Thanks for the response Mike, I can appreciate your counter angle.
Why do you think competition won’t increase? Running a relay atm is basically a free service, there are no economic incentives to enter the market, especially since (as you mentioned) the current relays are offering rather competitive services.
To add to that question, in the early ePBS concepts being proposed, is there a meaningful economic incentive to be builder? My assumption was that there will be, but if that’s not the case then I would fully agree with you.
I personally don’t think any level of censorship is acceptable. With that said, this particular form of censorship imo is less an issue of censorship than a philosophical pricing of risk by block builders.
The censorship in question is really more a case of builders thinking that a lack of an arbitrary incentive for creating a block is not enough to cover the risk of processing those txs.

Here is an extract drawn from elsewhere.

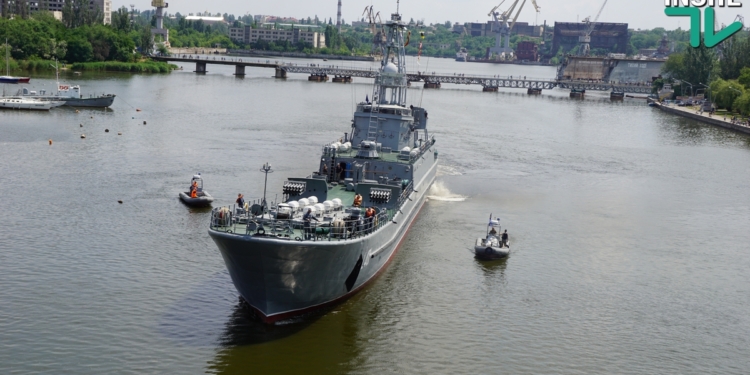 Десантный корабль «Юрий Олефиренко» покинул акваторию Николаева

I have no data to back this up but something tells me if the censored users were to increase priority fees (or increase slippage for a swap, etc) by a meaningful amount, some bock producer would pick up their txs and include it expeditiously by potentially bypassing the mempool/relays all together.
I think it’s quite difficult to enforce, what some builders would likely consider, a set price of risk (via ILs) for processing certain txs. Social layer economics are a non-trivial aspect of our society and they’re the primary reason why certain goods and services are more expensive in some countries vs others.
eg) Alcohol is much more expensive in middle east countries where it’s banned than in Europe/North America. Conversely alchohol in certain canadian jurisdictions is also more expensive due to government monopolies on the ability to sell liquor, leading to an uncompetitive market which ultimately over prices alcohol compared to most places in the first world.
Ultimately I think the concentration of relays makes for an environment where the risk of not censoring is priced too high and creates an environment which indirectly incentivizes censorship. Counteracting these effects requires more than a change in spec imo (which can easily be ignored). It really requires a fundamental change in the incentives to run a relay/be a builder, which equates to better competition.
I may need to brush up on what a post ePBS landscape looks like, but something tells me as long as builders (relays) have some economic incentive to participate, that competition is all but guaranteed to increase among actors. Especially considering the fact that there are like 3 relays atm. I just don’t see how it could possibly get more concentrated in the presence of incentives where it currently lacks.
To sum things up, I really wonder if the combination of the two points I made about lack of competition and the fair pricing of risk, will result in any meaningful change even in the face of ILs in a pre-ePBS world.